* [PATCH] Speed up regex UTF-8 handling (take 2)
@ 2003-11-12 13:47 Jakub Jelinek
0 siblings, 0 replies; only message in thread
From: Jakub Jelinek @ 2003-11-12 13:47 UTC (permalink / raw)
To: Ulrich Drepper, Roland McGrath; +Cc: Glibc hackers
Hi!
It seems there are no interesting charsets with similar property as UTF-8
for backward searches, so this patch (which relies on the infrastructure
patch I've just posted) simply special cases UTF-8 instead of adding hooks.
2003-11-12 Jakub Jelinek <jakub@redhat.com>
* posix/tst-regex.c (umemlen): New variable.
(test_expr): Add expectedicase argument.
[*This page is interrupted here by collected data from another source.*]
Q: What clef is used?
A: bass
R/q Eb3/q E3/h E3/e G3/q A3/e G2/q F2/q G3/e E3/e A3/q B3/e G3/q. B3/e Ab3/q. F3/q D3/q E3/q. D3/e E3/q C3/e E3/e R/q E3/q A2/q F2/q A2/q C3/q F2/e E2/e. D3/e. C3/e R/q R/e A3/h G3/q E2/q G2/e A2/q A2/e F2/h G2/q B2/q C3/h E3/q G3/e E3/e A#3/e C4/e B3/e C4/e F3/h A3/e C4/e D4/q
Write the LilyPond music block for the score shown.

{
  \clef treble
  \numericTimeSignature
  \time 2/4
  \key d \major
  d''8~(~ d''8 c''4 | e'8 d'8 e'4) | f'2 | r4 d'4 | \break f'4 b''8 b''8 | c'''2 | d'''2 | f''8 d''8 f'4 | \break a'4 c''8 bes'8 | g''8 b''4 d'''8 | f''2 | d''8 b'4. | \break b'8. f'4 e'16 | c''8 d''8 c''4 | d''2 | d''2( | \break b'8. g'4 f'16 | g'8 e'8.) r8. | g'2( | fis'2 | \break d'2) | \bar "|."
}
Test case insensitive
searches as well as backwards searches (case sensitive and
insensitive) too.
(run_test): Add icase argument. Use it to compute regcomp flags.
(run_test_backwards): New function.
(main): Cast read to size_t to avoid warning. Set umemlen.
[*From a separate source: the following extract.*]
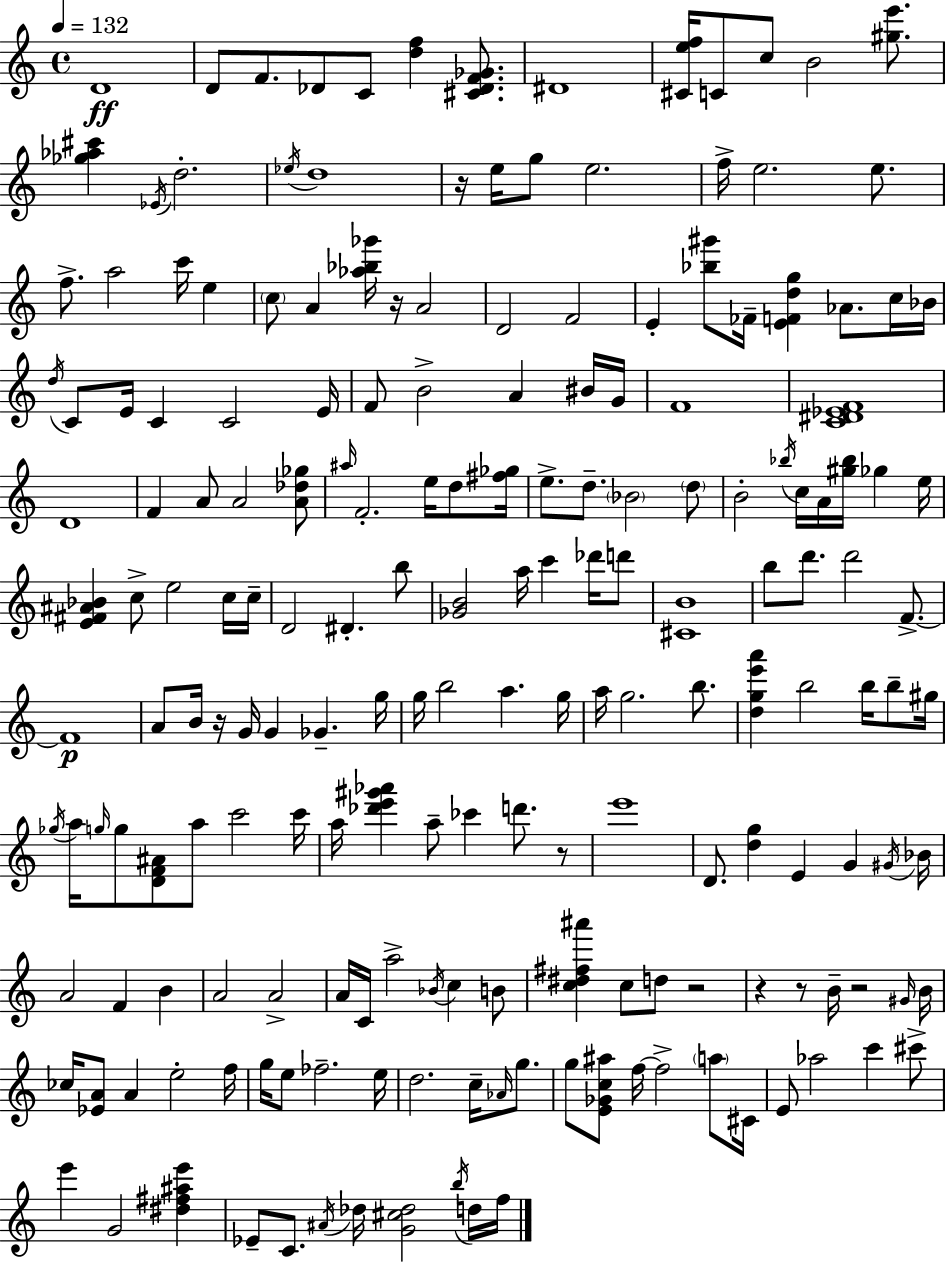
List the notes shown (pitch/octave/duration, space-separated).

D4/w D4/e F4/e. Db4/e C4/e [D5,F5]/q [C#4,Db4,F4,Gb4]/e. D#4/w [C#4,E5,F5]/s C4/e C5/e B4/h [G#5,E6]/e. [Gb5,Ab5,C#6]/q Eb4/s D5/h. Eb5/s D5/w R/s E5/s G5/e E5/h. F5/s E5/h. E5/e. F5/e. A5/h C6/s E5/q C5/e A4/q [Ab5,Bb5,Gb6]/s R/s A4/h D4/h F4/h E4/q [Bb5,G#6]/e FES4/s [E4,F4,D5,G5]/q Ab4/e. C5/s Bb4/s D5/s C4/e E4/s C4/q C4/h E4/s F4/e B4/h A4/q BIS4/s G4/s F4/w [C4,D#4,Eb4,F4]/w D4/w F4/q A4/e A4/h [A4,Db5,Gb5]/e A#5/s F4/h. E5/s D5/e [F#5,Gb5]/s E5/e. D5/e. Bb4/h D5/e B4/h Bb5/s C5/s A4/s [G#5,Bb5]/s Gb5/q E5/s [E4,F#4,A#4,Bb4]/q C5/e E5/h C5/s C5/s D4/h D#4/q. B5/e [Gb4,B4]/h A5/s C6/q Db6/s D6/e [C#4,B4]/w B5/e D6/e. D6/h F4/e. F4/w A4/e B4/s R/s G4/s G4/q Gb4/q. G5/s G5/s B5/h A5/q. G5/s A5/s G5/h. B5/e. [D5,G5,E6,A6]/q B5/h B5/s B5/e G#5/s Gb5/s A5/s G5/s G5/e [D4,F4,A#4]/e A5/e C6/h C6/s A5/s [Db6,E6,G#6,Ab6]/q A5/e CES6/q D6/e. R/e E6/w D4/e. [D5,G5]/q E4/q G4/q G#4/s Bb4/s A4/h F4/q B4/q A4/h A4/h A4/s C4/s A5/h Bb4/s C5/q B4/e [C5,D#5,F#5,A#6]/q C5/e D5/e R/h R/q R/e B4/s R/h G#4/s B4/s CES5/s [Eb4,A4]/e A4/q E5/h F5/s G5/s E5/e FES5/h. E5/s D5/h. C5/s Ab4/s G5/e. G5/e [E4,Gb4,C5,A#5]/e F5/s F5/h A5/e C#4/s E4/e Ab5/h C6/q C#6/e E6/q G4/h [D#5,F#5,A#5,E6]/q Eb4/e C4/e. A#4/s Db5/s [G4,C#5,Db5]/h B5/s D5/s F5/s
Add expectedicase arguments to test_expr.
* posix/regex_internal.c (re_string_reconstruct): If is_utf8,
find previous character by walking back instead of converting
all chars from beginning.
--- libc/posix/regex_internal.c.jj 2003-11-12 08:26:45.000000000 +0100
+++ libc/posix/regex_internal.c 2003-11-12 09:48:11.000000000 +0100
@@ -438,10 +438,40 @@ re_string_reconstruct (pstr, idx, eflags
if (pstr->mb_cur_max > 1)
{
int wcs_idx;
- wint_t wc;
- pstr->valid_len = re_string_skip_chars (pstr, idx, &wc) - idx;
- for (wcs_idx = 0; wcs_idx < pstr->valid_len; ++wcs_idx)
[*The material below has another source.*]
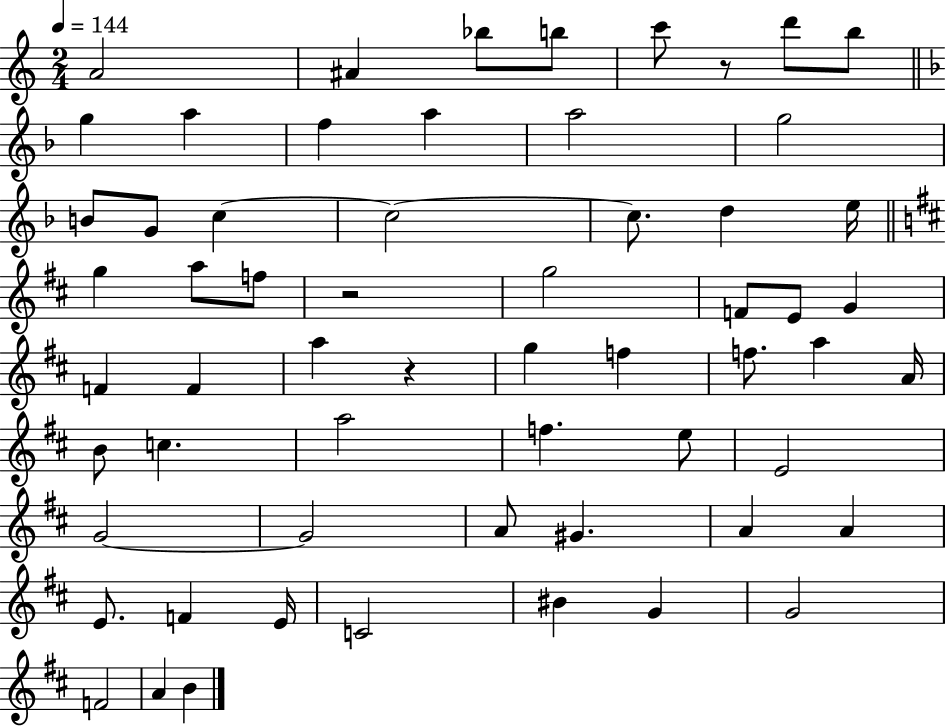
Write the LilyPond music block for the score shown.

- pstr->wcs[wcs_idx] = WEOF;
+ wint_t wc = WEOF;
+
+ if (pstr->is_utf8)
+ {
+ const unsigned char *raw, *p, *end;
+
+ /* Special case UTF-8. Multi-byte chars start with any
+ byte other than 0x80 - 0xbf. */
+ raw = pstr->raw_mbs + pstr->raw_mbs_idx;
+ end = raw + (pstr->valid_len > offset - pstr->mb_cur_max
+ ? pstr->valid_len : offset - pstr->mb_cur_max);
+ for (p = raw + offset - 1; p >= end; --p)
+ if ((*p & 0xc0) != 0x80)
+ {
+ mbstate_t cur_state;
+ wchar_t wc2;
+
+ memset (&cur_state, 0, sizeof (cur_state));
+ if (mbrtowc (&wc2, p, raw + offset - p, &cur_state)
+ == raw + offset - p)
+ {
+ memset (&pstr->cur_state, '\0',
+ sizeof (mbstate_t));
+ wc = wc2;
+ }
+ break;
+ }
+ }
+ if (wc == WEOF)
+ {
+ pstr->valid_len = re_string_skip_chars (pstr, idx, &wc) - idx;
+ for (wcs_idx = 0; wcs_idx < pstr->valid_len; ++wcs_idx)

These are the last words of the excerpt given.